On January 24, 2018, a five-count indictment was returned, in the Circuit Court for Baltimore City, charging Faust with murder in the first degree; assault in the first degree; use of a firearm in the commission of a crime of violence; possession of a firearm after previously having been convicted of a crime of violence; and wearing, carrying, and transporting a handgun on his person. The matter proceeded to a jury trial, and Faust was found guilty of all charges except first-degree assault, which was not submitted to the jury.

The court thereafter sentenced Faust to life imprisonment for first-degree murder; a consecutive term of twenty years' imprisonment, the first five without the possibility of parole, for use of a firearm in the commission of a crime of violence; and fifteen years' imprisonment for possession of a firearm after previously having been convicted of a crime of violence, to run concurrently with the other firearm offense.

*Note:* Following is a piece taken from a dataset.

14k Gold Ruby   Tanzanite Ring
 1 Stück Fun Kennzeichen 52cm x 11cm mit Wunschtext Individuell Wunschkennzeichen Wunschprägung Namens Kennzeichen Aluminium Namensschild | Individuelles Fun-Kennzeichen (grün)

Faust then noted this timely appeal. Additional facts will be noted where pertinent to the discussion of the issues.

The conviction for wearing, carrying, and transporting a handgun on the person was merged into that for illegal possession of a firearm.

DISCUSSION

I.

After the defense had cross-examined Harris, the circuit court allowed the State to introduce into evidence, for rehabilitation, the recorded out-of-court statement that Harris had made to police officers. Faust claims that it was error to do so but that, even if it were assumed that he had opened the door "to some evidence of" Harris's demeanor and "his willingness to speak to the police," the court's decision to admit the recorded prior consistent statement was "a wildly disproportionate response to what was elicited" on cross-examination and was therefore an abuse of discretion.

Faust also contends that the prior statement was inadmissible as substantive evidence, under Maryland Rule 5-802.1. As the State observes in its brief, the prior statement at issue was not admitted as substantive evidence, and we therefore shall not address Faust's argument as to its admissibility vel non on that basis.

The State counters that this claim is not preserved; that Harris's prior consistent statement was admissible for a non-hearsay purpose; and that any purported error was harmless.

A.

Initially, we find no merit in the State's non-preservation argument. The defense objected, twice, to the State's attempt to introduce the recorded statement and, once it was clear that the court intended to overrule its objection, the parties engaged in a protracted discussion concerning redactions of irrelevant or unfairly prejudicial portions of that statement. Finally, just before the redacted statement was broadcast to the jury, the following exchange took place:

THE COURT: Other than your major objection, is there any objection to it?

[DEFENSE COUNSEL]: Other than those previously addressed.

THE COURT: Okay. Thanks.
(Emphasis added.)

The court then instructed the jury that the redacted transcripts, which were being distributed at that time, were simply "a tool to aid" them "while listening to the testimony" and were not, themselves, evidence. The 59-minute-long statement then was played before the jury.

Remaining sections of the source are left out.